Page-based pagination divides a set of records into pages of equal size (except for the last page which can have fewer records than other pages). A number is assigned to every page, starting with 1.

page-based-pagination

The API should support client-set page size and page number params. An endpoint with pagination params applied could look like this: /api/v1/countries?page[size]=50&page[number]=3. In the example, the client requests the 3rd page of countries with maximum 50 records. This means that the API will respond with countries from 101 to 150, if the API database contains that many countries. Here are some cases when it doesn't:

If the client omits the page size param, you should set a default value. You should also set a maximum value (so clients can't request all records by providing an absurdly large number). If a client requests more records than the maximum allows, you can either clamp the value to the maximum or respond with an error, whatever you think is the right choice.

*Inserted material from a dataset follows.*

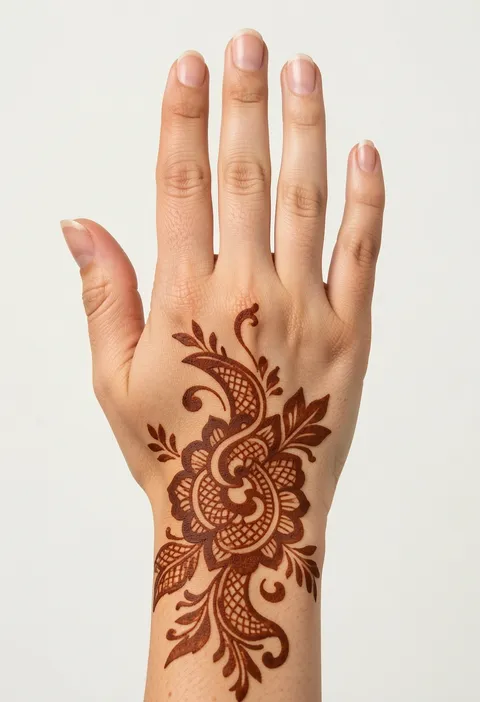 Arabic back-hand mehndi design with a lace-filled paisley swirl and leafy sprays from wrist to hand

When the page number param is omitted, you should respond with the first page. Respond with an error if the param is less than 1, but if it's greater than the total number of pages, then return the last page. Returning the last page instead of responding with an error prevents an edge case when pages disappear due to records being deleted but clients are still requesting the missing page (which they think exists).

The response should optionally include pagination metadata:

This information is optional because it won't always be used by clients, and, since it typically requires executing an additional SQL COUNT query, it can be a costly operation.

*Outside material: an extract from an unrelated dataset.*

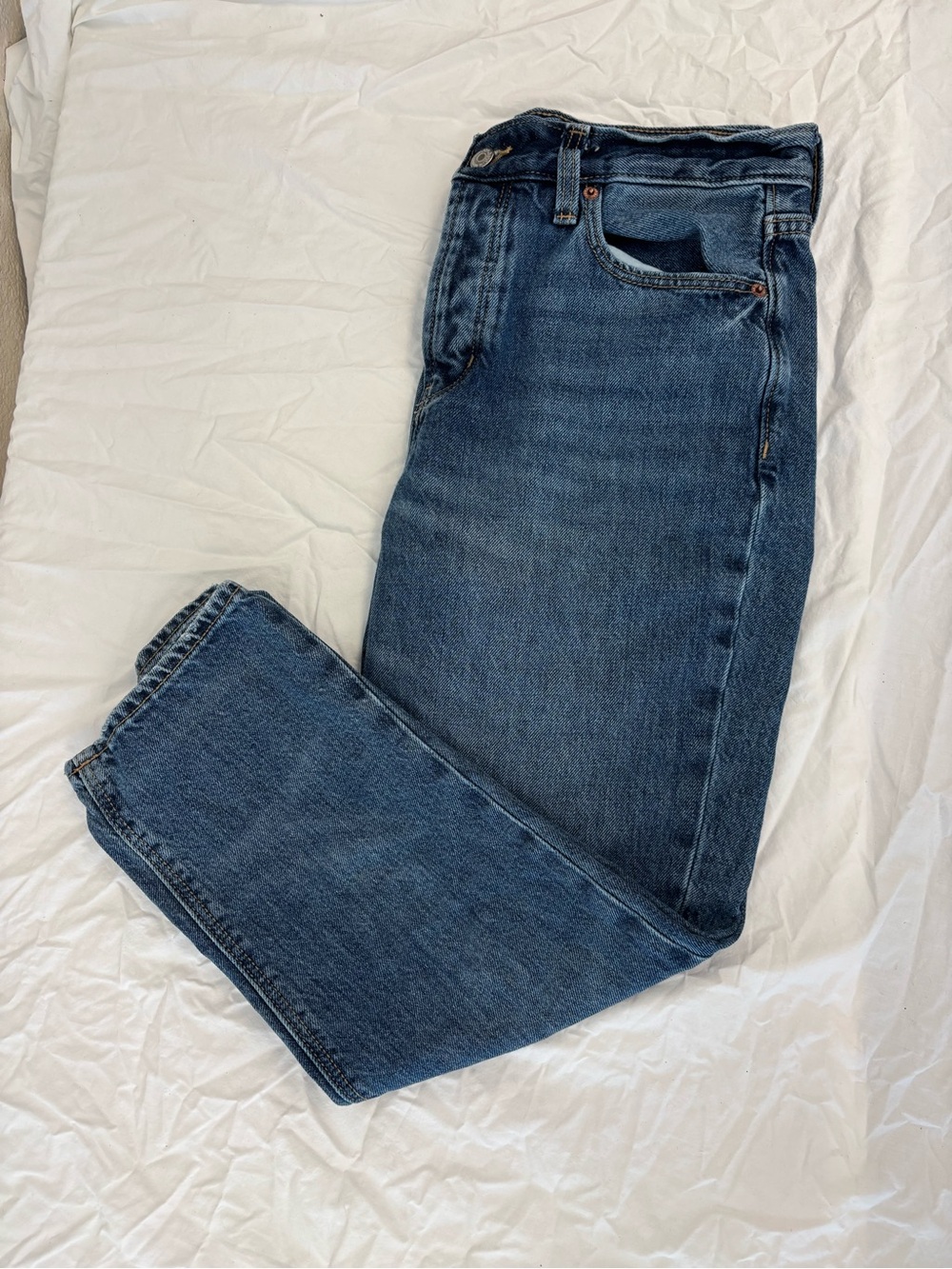 Old Navy Dark Blue ‘Slouchy Straight’ Leg Jeans | Size 8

Since this type of pagination allows clients to request any page, it is usually represented in the UI with a paginator where you can select a page (e.g. <- 2 3 4 5 6 ->). If this is the kind of UI you're implementing the pagination for, then the page-based type is the right choice.

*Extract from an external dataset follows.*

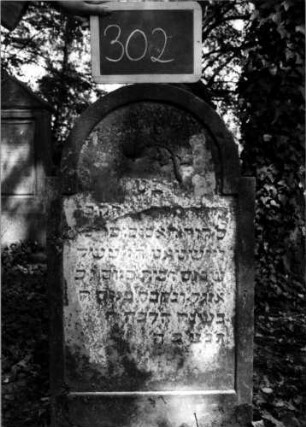 Grabstein 302 (Index: 100112012) Material: Sandstein Zustand: stark verwittert, zerbrochen und repariert mit Textverlust Maße HxBxT: 93x49x12 cm Beschreibung: Stele, eingezogener Rundbogenabschluß, Schriftfeld eingetieft Symbolik: geknickte Rose Besonderheit: Kindergrab: Grabstein 302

This type is also popular because it's easy to implement using SQL's OFFSET clause, so you may often hear it being referred to as offset-based pagination. page[size]=50&page[number]=3 simply translates to LIMIT 50 OFFSET 50 * (3 - 1) => LIMIT 50 OFFSET 100 in SQL. However, offset-based pagination has a negative side. The clause requires scanning all rows included by the offset value, which is inefficient for large offsets and causes performance to suffer the more pages you have (e.g. page 100 is slower to fetch than page 1). If you don't have to paginate many records, then it's not that much of an issue.

Cursor-based

Cursor-based pagination, also called keyset pagination, uses a cursor which points to a specific record in the dataset and returns a number of records before or after it.

cursor-based-pagination

An endpoint with pagination params applied could look like this: /api/v1/countries?page[after]=dQw4w9. page[after] can be replaced with page[before] if we want to retrieve records preceding a cursor.

Notice that the cursor in the example is a random unique string — this is intentional. Some implementations opt for opaque strings (which have no meaning to clients), while others use record IDs for cursors (take for example Stripe API).

This pagination type should also support the client-set page size param (same rules apply as for the page-based type).

Due to the nature of this pagination type, you cannot show a paginator element in the UI (like you can for the page-based type). Based on the current page (which is defined with a cursor), clients can jump only page-by-page back or forth, but only one page at a time. This type is appropriate for the so-called infinite scroll design, where we load the next page when the client reaches the end of the current page. It can also be used in situations where users can paginate only with Previous page and Next page buttons.

Common pitfalls

Always ensure that the records are sorted by a unique attribute (eg: ID). If the collection contains duplicate values of the attribute by which they are sorted, there may be occurrences when records appear to be missing. Imagine a scenario where we have an API that responds with countries sorted by the number of counties and we only show 2 countries per page:

The 1st page will show Canada and Chile, whereas the 2nd page shows Chile and Denmark, instead of Colombia and Denmark. This issue should be fixed by sorting the collection by the count and some unique attribute of the record (especially if it also has an index).